Penumpang terdampar ketika bandara internasional di pulau Martinik di Karibia terpaksa ditutup karena kerusuhan mengenai biaya hidup di wilayah Prancis.
Lusinan pengunjuk rasa menyerbu landasan pacu di bandara di ibu kota Fort-de-France pada hari Kamis, dan menutupnya. Penerbangan masuk dialihkan ke wilayah Prancis di Guadeloupe. Bandara dibuka kembali pada hari Jumat.
Jam malam diberlakukan setidaknya hingga Senin menyusul gelombang protes yang disertai kekerasan.
Pihak berwenang telah melarang pertemuan publik, serta pembelian barang-barang yang dapat digunakan untuk melakukan serangan pembakaran.
Protes dimulai pada bulan September yang menuntut agar harga pangan lokal disesuaikan dengan harga pangan di daratan Prancis, yang 40% lebih rendah. Seorang pengunjuk rasa ditembak mati dan 26 petugas polisi terluka dalam kerusuhan tersebut.
Jam malam telah diberlakukan di pulau tersebut, dan pada akhir September pemerintah Perancis mengirimkan polisi anti huru hara setelah pengunjuk rasa menentang larangan pertemuan publik.
Kantor berita AFP mengatakan kerusuhan kembali terjadi pada hari Senin ketika polisi mencoba membubarkan blokade jalan.
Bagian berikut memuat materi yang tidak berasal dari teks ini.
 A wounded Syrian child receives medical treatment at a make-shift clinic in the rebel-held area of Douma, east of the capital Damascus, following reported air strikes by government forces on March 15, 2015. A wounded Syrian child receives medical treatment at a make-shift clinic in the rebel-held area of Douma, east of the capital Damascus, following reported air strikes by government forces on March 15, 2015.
Barikade yang terbakar telah didirikan di banyak bagian pulau itu dalam beberapa hari terakhir, tempat usaha telah dijarah dan kendaraan dibakar.
AFP mengatakan salah satu dari 26 petugas yang terluka mengalami luka tembak. Seorang pria meninggal di rumah sakit karena luka serupa pada hari Kamis, setelah malam kerusuhan. Investigasi atas kematiannya telah dimulai.
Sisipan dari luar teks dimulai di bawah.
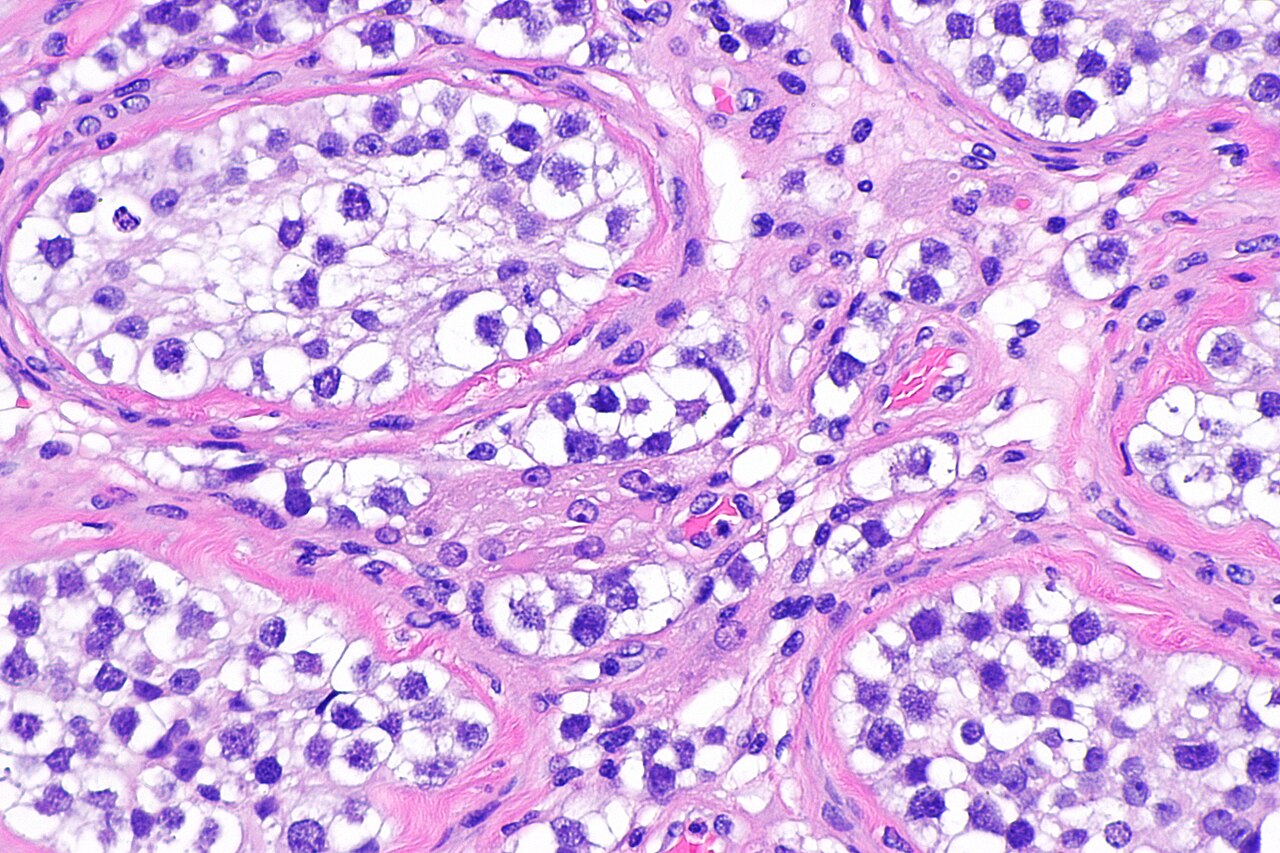 Micrograph showing an intertubular seminoma abbreviated its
Pemerintah setempat mengatakan polisi tidak melepaskan tembakan.
Menteri Luar Negeri Prancis Francois-Noël Buffett mengutuk kekerasan tersebut dan menyerukan “tanggung jawab dan ketenangan”.
Penduduk wilayah luar negeri Perancis telah lama mengeluhkan tingginya biaya hidup.
Protes di Martinik dilancarkan oleh Majelis Afro-Karibia untuk Perlindungan Masyarakat dan Sumber Daya, yang mengatakan harga pangan harus sama dengan harga di daratan Prancis.
Didier Laguerre, walikota Fort-de-France pada hari Selasa, mengakui bahwa masyarakat Martinik – yang berjumlah 350.000 orang – sedang berjuang: “Saya memahami rasa sakit dan kemarahan.”